Sales in the Water Metering segment reached Euro 7.1 million, a 2.4% decrease compared to the same period in 2024. Sales were generated in Spain for 24.2%, in Portugal for 17.9%, in the rest of Europe for 40.3% and for 14.8% and 2.8% in America and Asia respectively.

 

Operating performance

Consolidated revenues for the first quarter of 2025 amounted to Euro 70.1 million, reflecting a 1.5% increase compared to Euro 69.0 million in the same period in 2024.

The adjusted EBITDA reached Euro 7.4 million, marking a 94.7% increase from Euro 3.8 million in the first quarter of 2024 was affected by the effect of higher volumes in the Heating&Ventilation division and the consolidation of efficiency measures implemented in 2024.

The purchase cost of raw materials and consumables, including inventory variations, amounted to Euro 33.5 million, representing 47.8% of revenues, compared to 50.5% in the first quarter of 2024.

Service costs amounted to Euro 11.8 million, up from Euro 11.0 million in the first quarter of 2024, accounting for 16.8% and 16.0% of revenues, respectively.

Personnel costs stood at Euro 18.6 million, down from Euro 19.1 million in the same period in 2024, representing 26.6% of revenues compared to 27.6% in 2024. Excluding one-time reorganization expenses, personnel costs were Euro 17.0 million, or 24.3% of revenues.

Depreciation and amortization costs amounted to Euro 6.4 million, slightly lower than the Euro 7.0 million reported in the first quarter of 2024.

The operating result (EBIT) amounted to Euro -0.8 million, compared to a loss of Euro 0.5 million in the first quarter of 2024.

The adjusted operating result (EBIT adjusted) for the first quarter of 2025 stood at Euro 1.0 million.

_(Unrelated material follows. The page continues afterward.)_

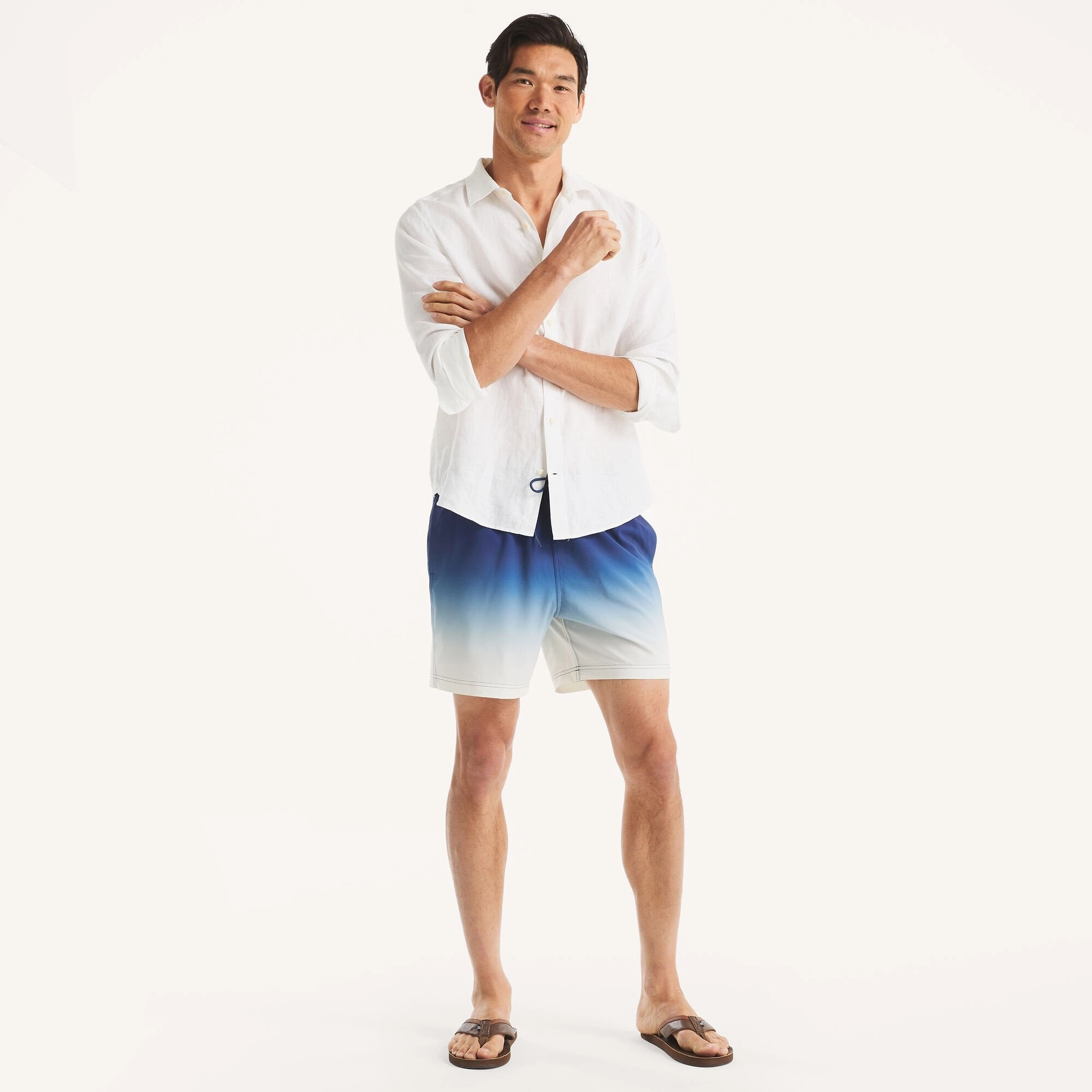 Nautica Mens Beach Boys X Nautica 6" Quick-Dry Swim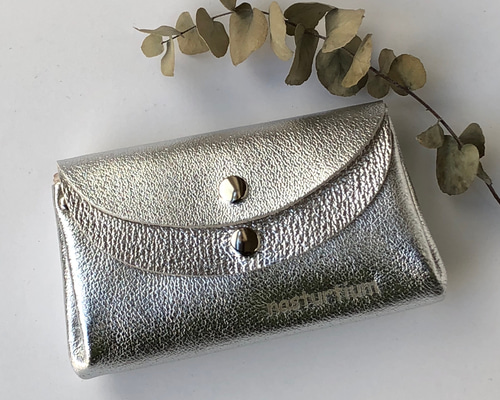 オーダー品　コンパクト財布 VINCENT CRAFTED 日本製 栃木レザー 財布 ヴォーノアニリン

Net financial charges for the first quarter of 2025 were Euro 1.4 million, down from Euro 1.8 million in the same period in 2024.

Taxes for the period amounted to Euro 0.8 million, compared to a deferred tax provision of Euro 0.2 million in the first quarter of 2024.

The net result for the period registered a loss of Euro 2.9 million, compared to a loss of Euro 1.8 million in the same period in 2024.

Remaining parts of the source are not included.